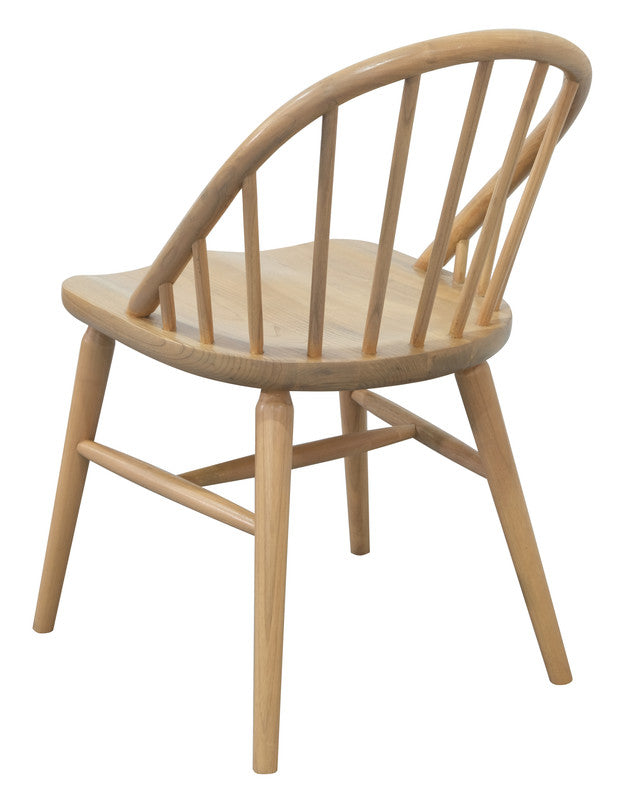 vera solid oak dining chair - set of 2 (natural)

--

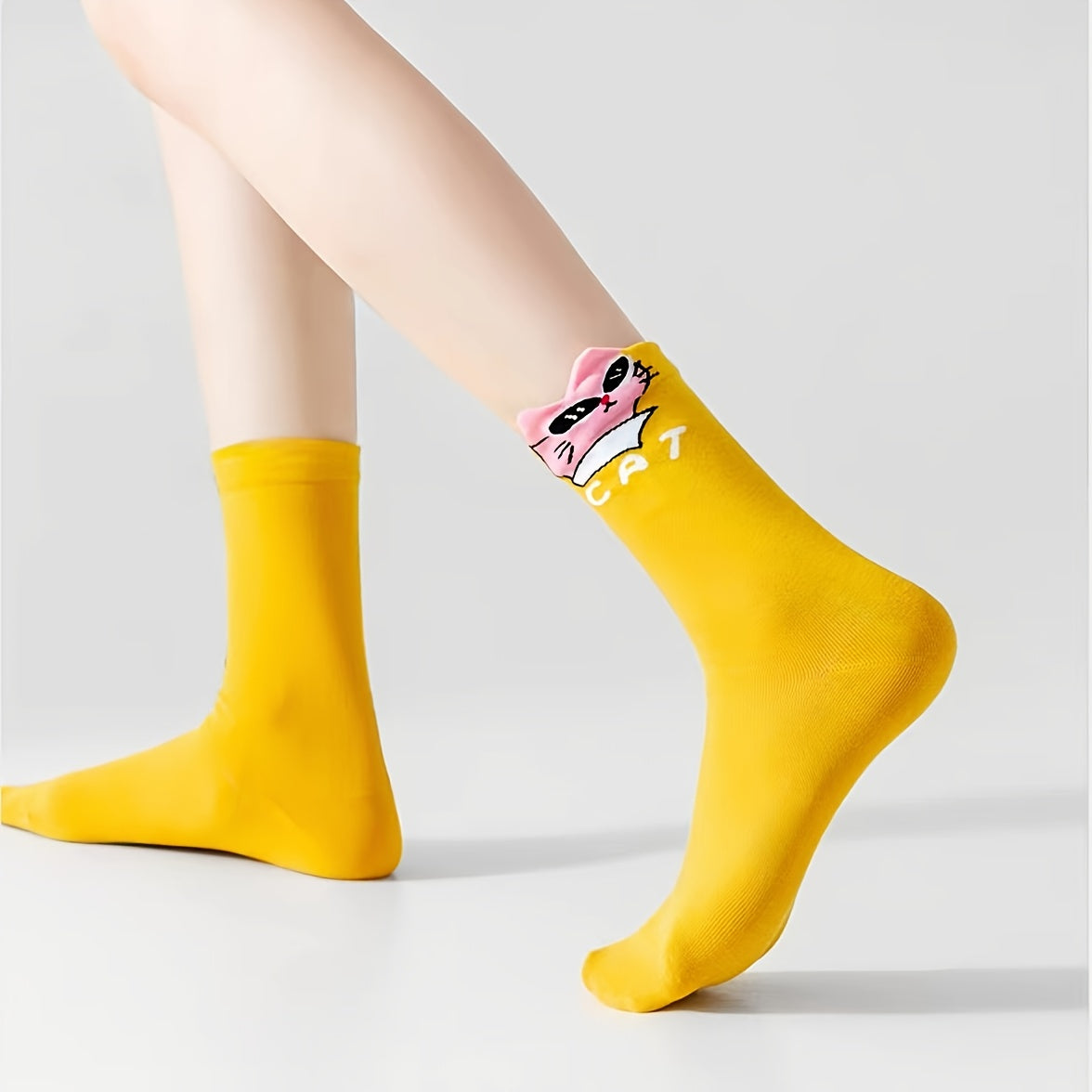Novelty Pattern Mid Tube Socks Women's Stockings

...

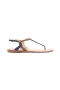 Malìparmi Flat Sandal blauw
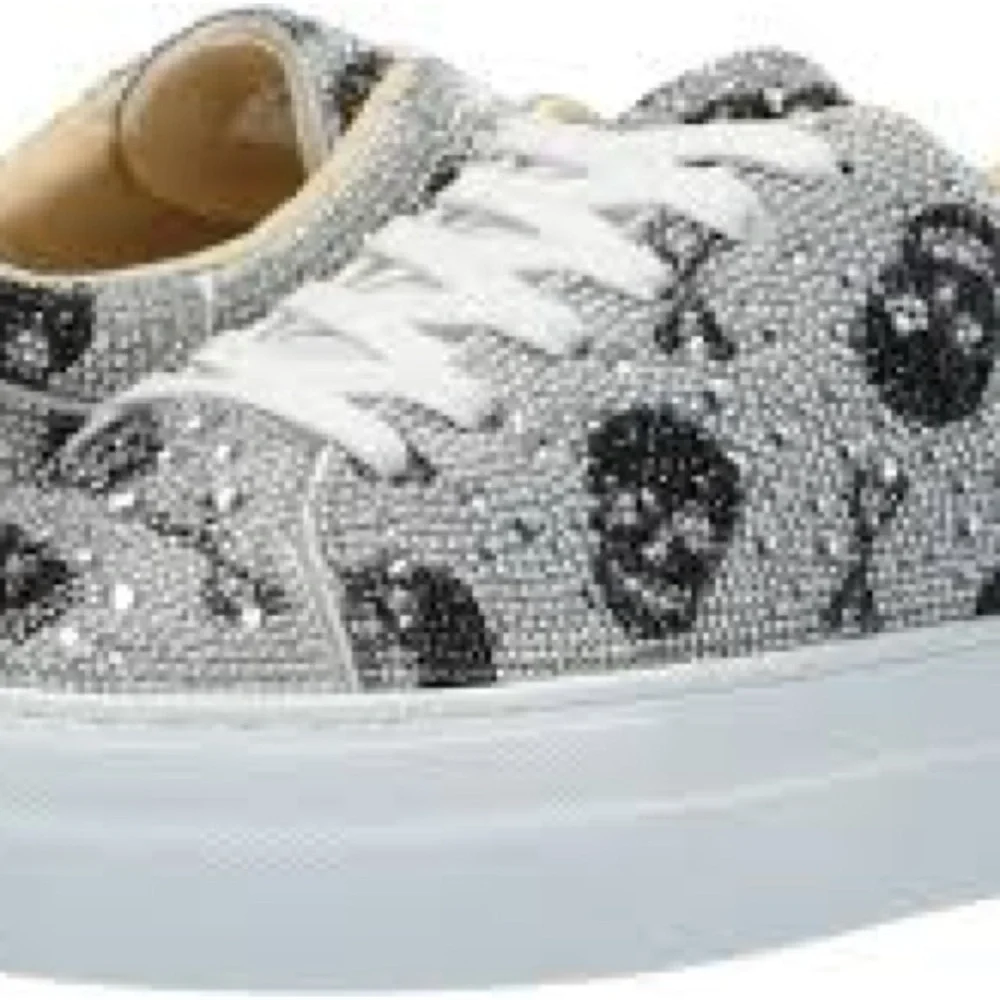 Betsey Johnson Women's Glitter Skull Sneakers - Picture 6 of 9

:: EXERCISE ::
Pictures excluded, give again exactly and only the lines of the material above from the line with "Malìparmi Flat Sandal blauw" through the line with "Betsey Johnson Women's".

:: ANSWER TO THE PROBLEM ::
 Malìparmi Flat Sandal blauw
 Betsey Johnson Women's Glitter Skull Sneakers - Picture 6 of 9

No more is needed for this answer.